▶ **Try it**:
Produce word for word the lines of the data below running from the one that has "Used 2026 Chevrolet TrailBlazer LT image 19" to the one that has "بیوگرافی و زندگی", inclusive, and no others.

▶ **Provided data**:

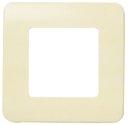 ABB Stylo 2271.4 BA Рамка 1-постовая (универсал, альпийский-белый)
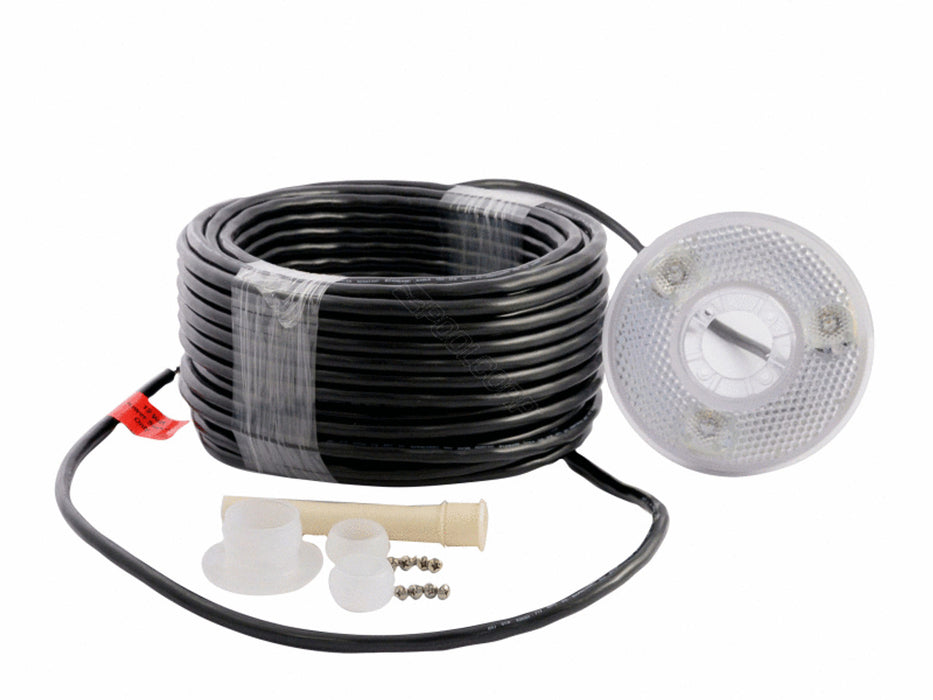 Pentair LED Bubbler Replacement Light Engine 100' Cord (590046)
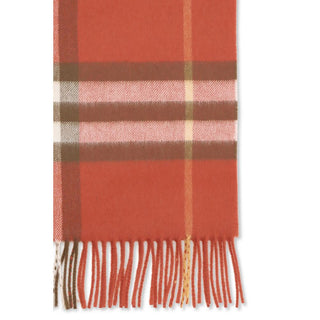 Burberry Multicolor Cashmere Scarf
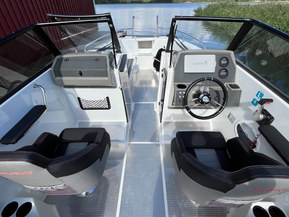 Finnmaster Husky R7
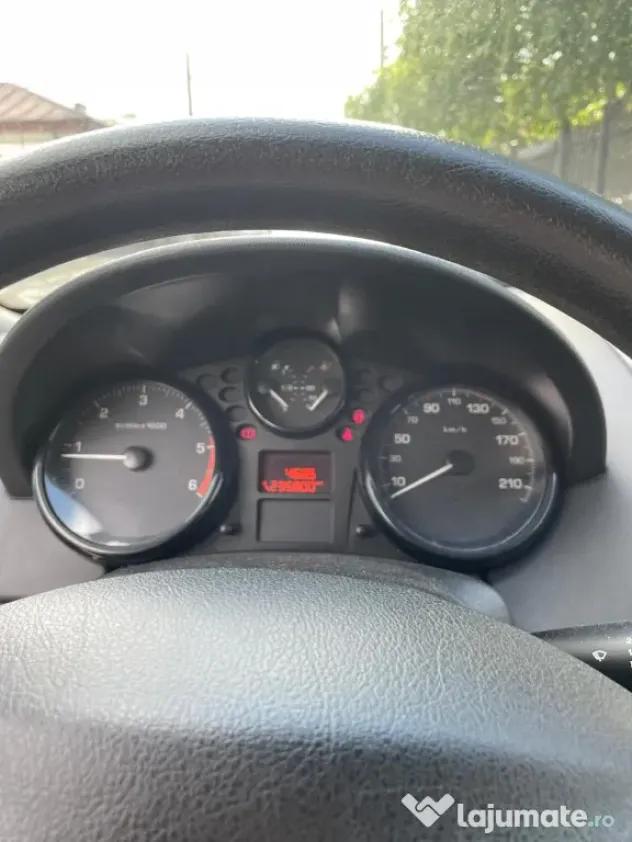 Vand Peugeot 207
* * *
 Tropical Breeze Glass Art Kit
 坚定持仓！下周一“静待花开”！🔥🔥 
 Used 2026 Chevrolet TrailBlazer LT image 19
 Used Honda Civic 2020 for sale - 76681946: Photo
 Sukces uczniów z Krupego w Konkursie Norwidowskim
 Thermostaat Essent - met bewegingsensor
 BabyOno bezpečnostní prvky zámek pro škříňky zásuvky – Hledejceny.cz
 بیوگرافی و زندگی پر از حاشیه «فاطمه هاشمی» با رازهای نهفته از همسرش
---
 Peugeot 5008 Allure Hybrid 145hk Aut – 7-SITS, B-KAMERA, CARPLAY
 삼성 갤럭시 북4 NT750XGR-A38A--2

▶ **Final answer**:
 Used 2026 Chevrolet TrailBlazer LT image 19
 Used Honda Civic 2020 for sale - 76681946: Photo
 Sukces uczniów z Krupego w Konkursie Norwidowskim
 Thermostaat Essent - met bewegingsensor
 BabyOno bezpečnostní prvky zámek pro škříňky zásuvky – Hledejceny.cz
 بیوگرافی و زندگی پر از حاشیه «فاطمه هاشمی» با رازهای نهفته از همسرش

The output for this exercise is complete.